The CLI and MCP layers each have their own retry-on-disconnect logic so they can gracefully follow a daemon that has restarted on a new port.

3. Keeper (core API)

api.py — Main facade

  • Keeper is composed from four mixins for organizational reasons:
  • Coordinates providers and stores
  • Implements query operations with recency decay
  • Content-based embedding dedup (skips re-embedding when content matches an existing document)

actions/ — Action implementations A package of focused modules implementing user-visible operations behind Keeper/flows:

analyze     find_supernodes     ocr             resolve_meta
auto_tag    generate            put             resolve_stubs
delete      get                 resolve_duplicates  stats
describe    list_parts          resolve_edges   summarize
extract_links list_versions     traverse        tag
find        move                                 ...

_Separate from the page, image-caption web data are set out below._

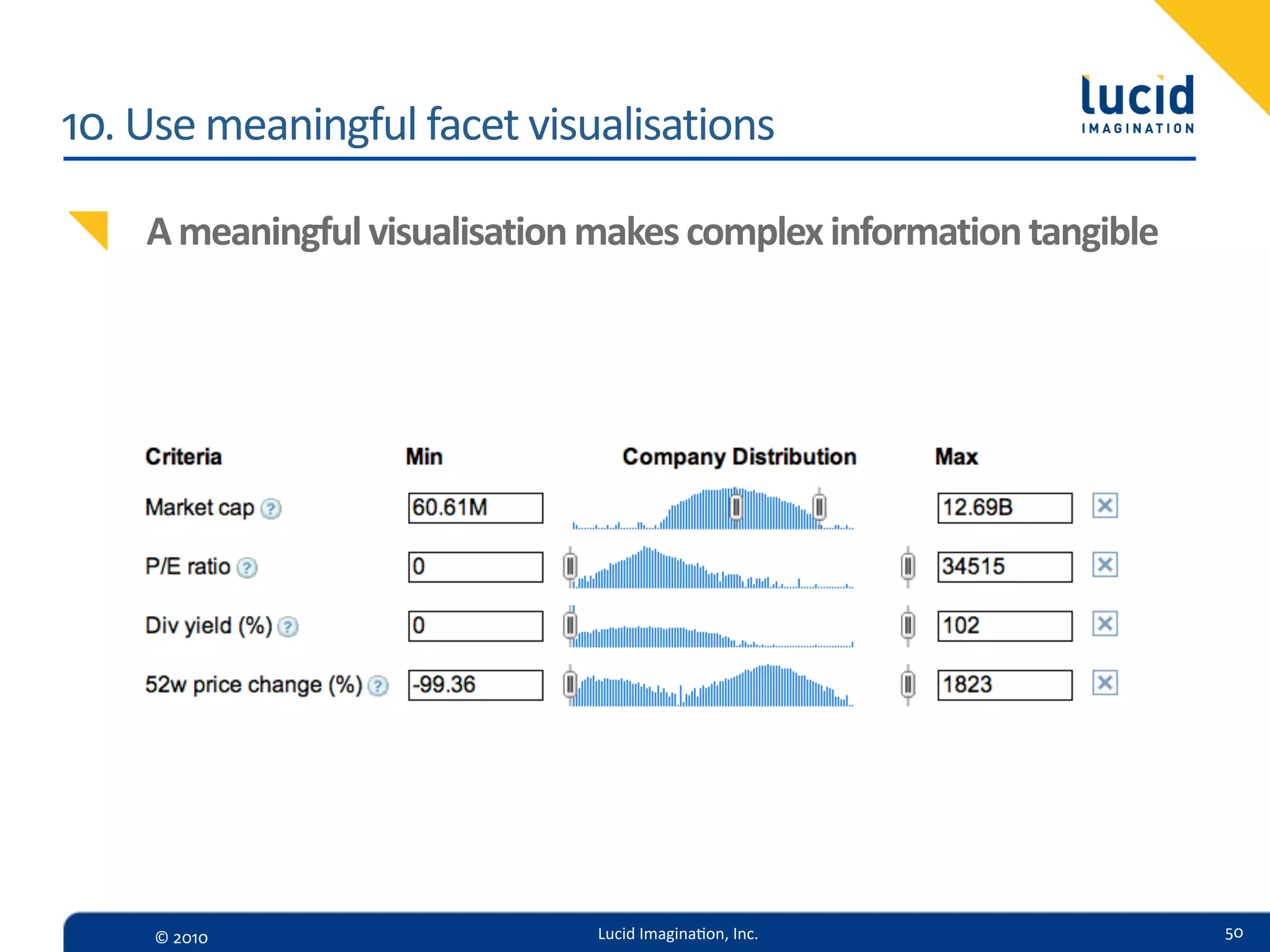 10.  Use  meaningful  facet  visualisations

     A  meaningful  visualisation  makes  complex  information  tangible




     ©  2010                      Lucid  Imagina,on,  Inc.                 50
 
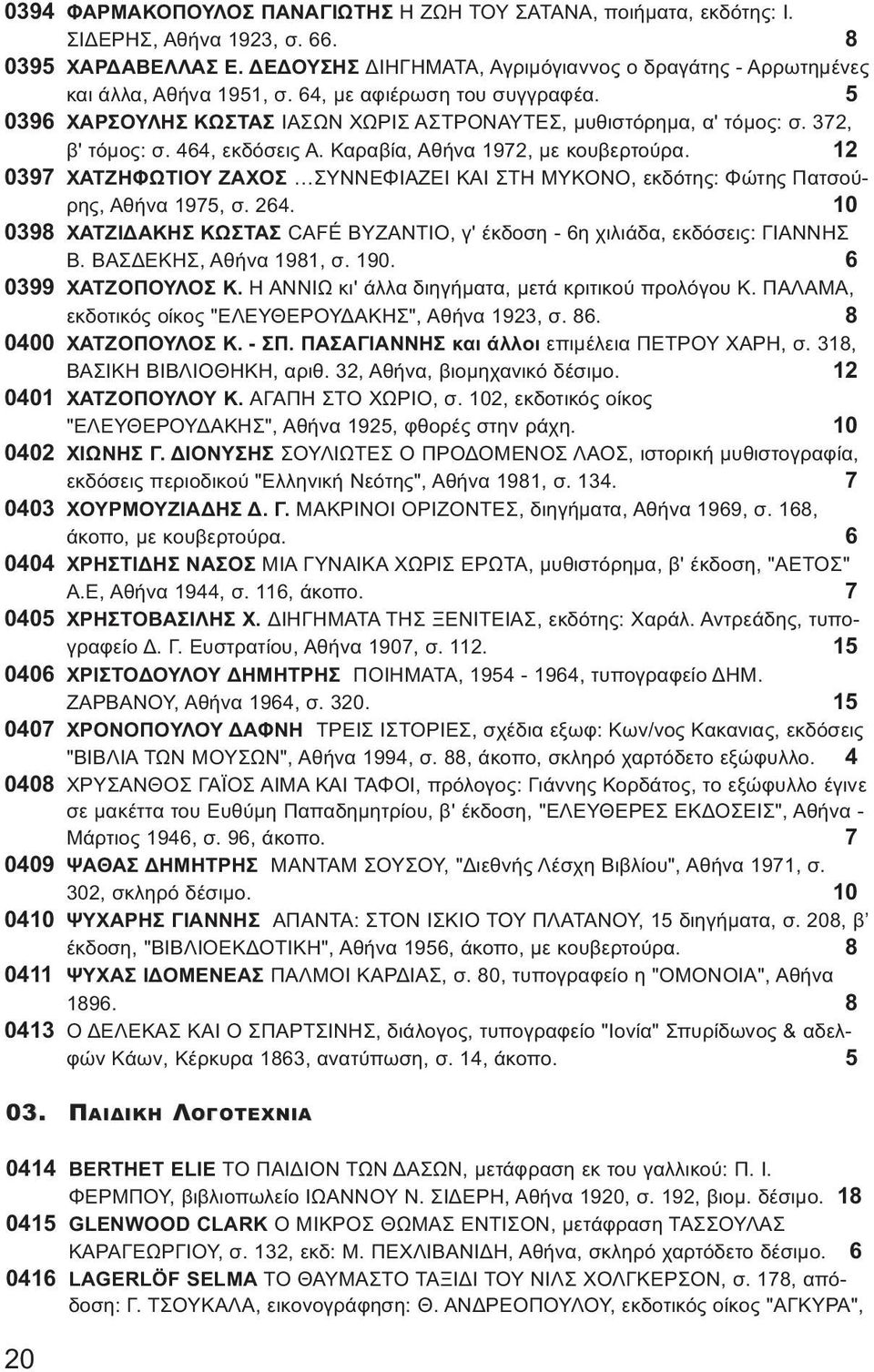 372, β' τόμος: σ. 464, εκδόσεις Α. Καραβία, Αθήνα 1972, με κουβερτούρα. 12 0397 ΧΑΤΖΗΦΩΤΙΟΥ ΖΑΧΟΣ ΣΥΝΝΕΦΙΑΖΕΙ ΚΑΙ ΣΤΗ ΜΥΚΟΝΟ, εκδότης: Φώτης Πατσούρης, Αθήνα 1975, σ. 264.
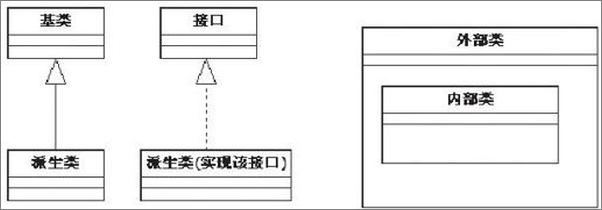 书籍《深入理解Android：卷I-邓凡平》 - 插图2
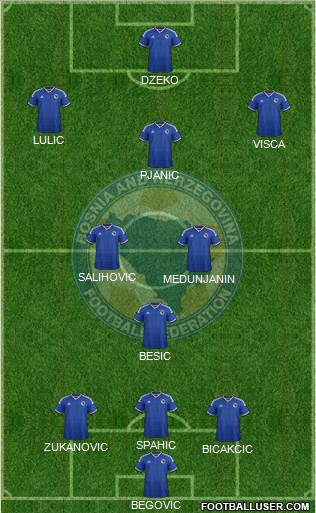 Bosnia and Herzegovina Formation 2015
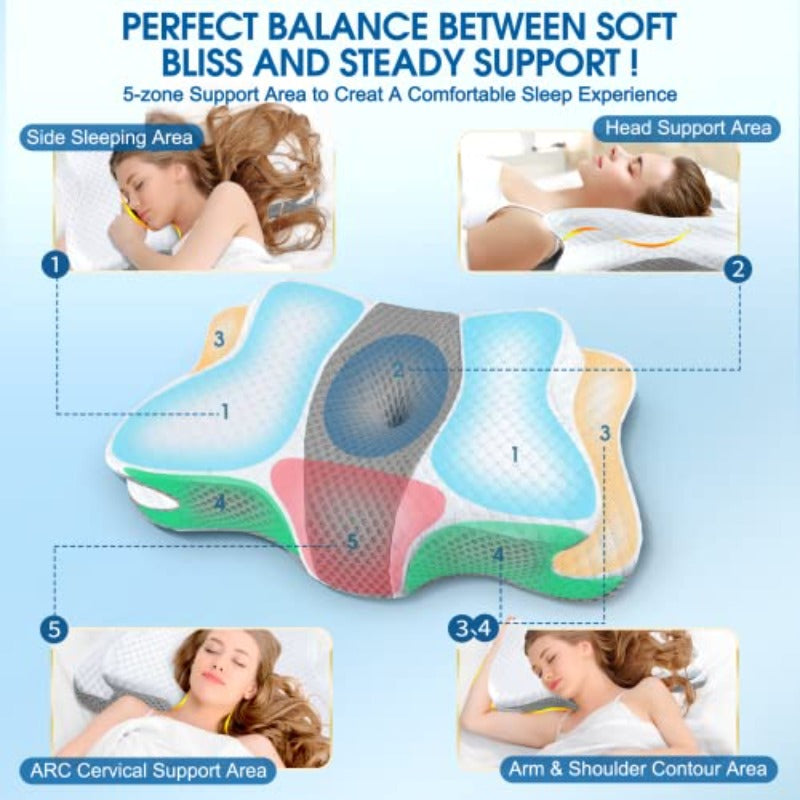 Memory Foam Pillows for Neck and Shoulder Pain Relief Ergonomic Contour Bed Pillow Soft for Side Sleep Stoh Sleeping and Back Sleeper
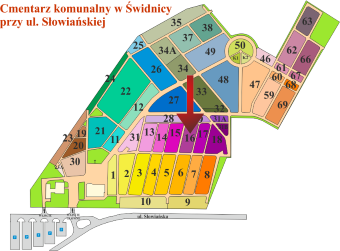 Brak mapy sektorowej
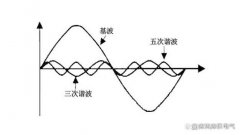 总结：常见的谐波治理方法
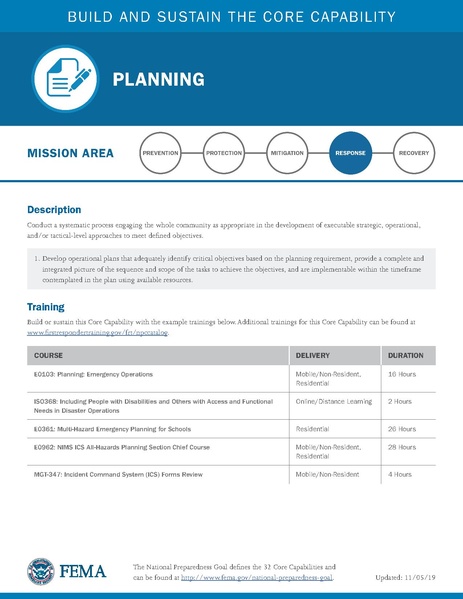 File:Ccds all-mission-area.pdf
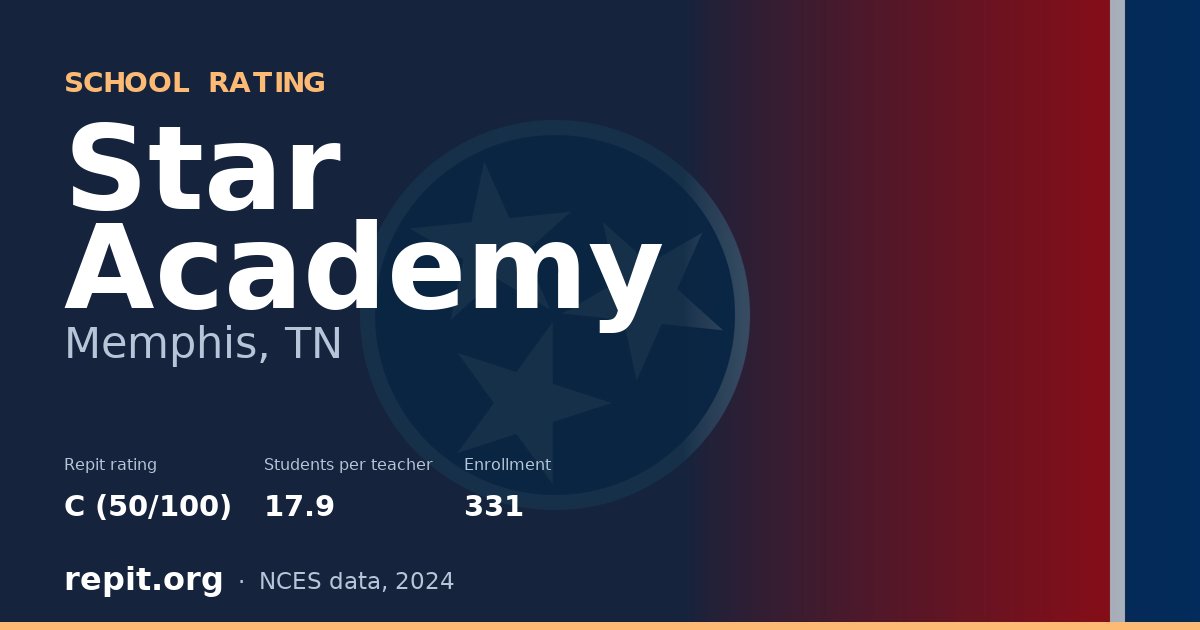 Star Academy, Memphis, TN — Repit school rating C (50/100)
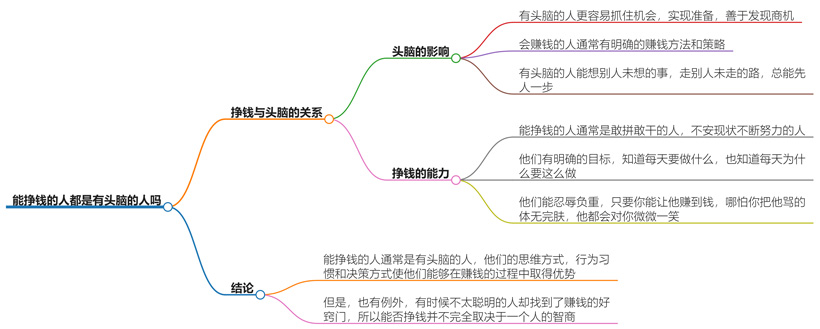 能挣钱的人都是有头脑的人吗？探讨成功与智慧的关系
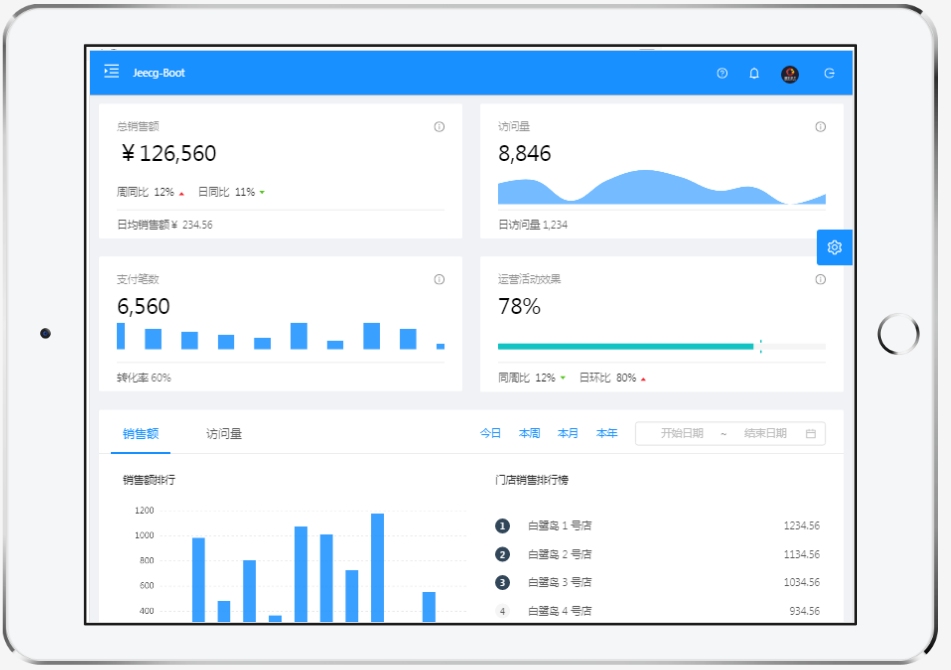 开源CMS系统详解与Jeecg Boot、UJCMS等优选方案比较，如何搭建与管理？插图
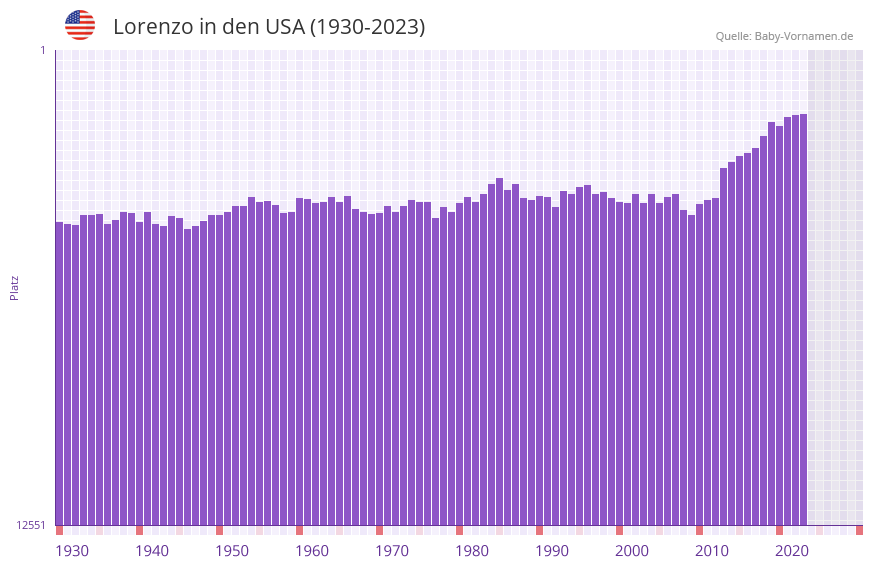 Lorenzo in der Vornamen-Hitliste von den USA (1930-2023)
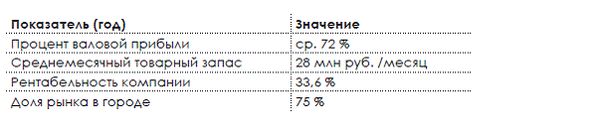 Концептуальное проектирование сложных решений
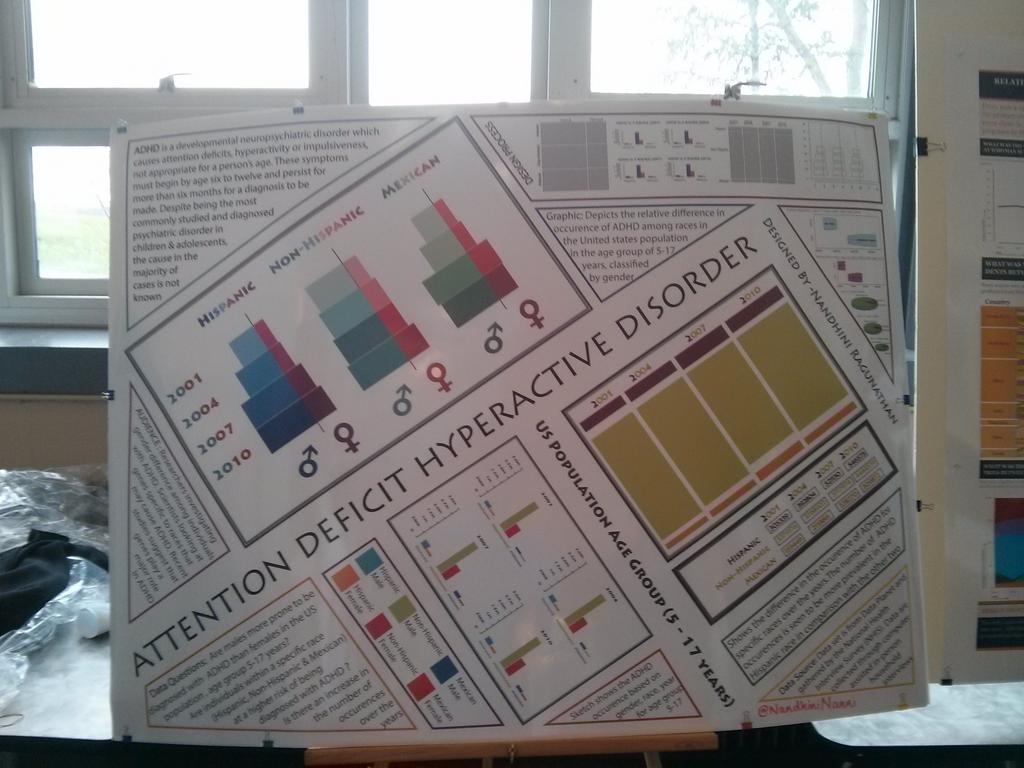 nandakumar82278's tweet photo. #ist719 great design to show ADHD disorder http://t.co/T9Www5S5EC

Most are dispatched from state-doc flows; some are still called directly from Keeper methods during the migration to flows.

protocol.py — Abstract interfaces

  • FlowHostProtocol: minimal backend-neutral boundary (run_flow + close) — this is the stable semantic boundary shared by local and hosted stores
  • KeeperProtocol (extends FlowHostProtocol) — richer object API used during migration to the flow boundary
  • VectorStoreProtocol, DocumentStoreProtocol, PendingQueueProtocol — storage backend contracts
  • Enables pluggable backends (local SQLite/ChromaDB or remote PostgreSQL/pgvector)

flow_client.py — Shared flow-backed wrappers

  • Convenience helpers (get, put, find, tag, delete, move, now) over FlowHostProtocol.run_flow
  • Used by both Keeper and RemoteKeeper — one semantic path for local and hosted
  • Parameter normalization and response coercion only; no semantic behavior

remote.py — Remote client

  • HTTP client implementing FlowHostProtocol
  • Public methods delegate through flow_client wrappers, same as local Keeper
  • Connects to the hosted REST API (keepmem)

4. Flow runtime (state docs)

The Keeper exposes run_flow(state, params, ...) as its stable execution boundary. A "state" is a named YAML state-doc that declares rules, predicates, and actions. The runtime evaluates them and dispatches actions from actions/ against the Keeper.

state_doc.py — Loader, compiler, evaluator

  • Loads .state/* documents from the keep store
  • Compiles CEL predicates
  • Defines AsyncActionEncountered so a foreground flow can hand off to the background queue mid-evaluation

state_doc_runtime.py — Synchronous runtime

  • Evaluates state docs with inline action execution
  • Used for the read/query path: query resolution, context assembly, deep find
  • Enforces a per-call tick budget

system_docs.py / builtin_state_docs.py — System doc inventory

  • Bundled .state/*, .tag/*, .prompt/*, .now, etc., installed into the store on first use
  • IDs are stable, e.g. _system:now → .now, _tag:act → .tag/act

flow_env.py — Local flow execution environment

  • LocalFlowEnvironment glues the runtime, action runner, and Keeper together for local execution

Flows that must complete before returning to the caller (find, get-context, deep-find) run synchronously in this runtime. Write-side flows can suspend and continue on the background work queue.

5. Background work

pending_summaries.py — Pending task queue

  • SQLite-backed (pending_summaries.db)
  • Deferred processing: summarize, embed, reindex, ocr, analyze
  • Atomic dequeue with PID claims; stale-claim recovery for crashed processors
  • Exponential backoff on failure (30s → 1h); dead-letter for exhausted retries

work_queue.py / work_processor.py — Direct work queue

  • Backed by the continuation.db SQLite file
  • Enqueue/claim/complete/fail semantics for write-side flow continuations that can't complete synchronously
  • Reuses the legacy continue_work table schema (hence the file name)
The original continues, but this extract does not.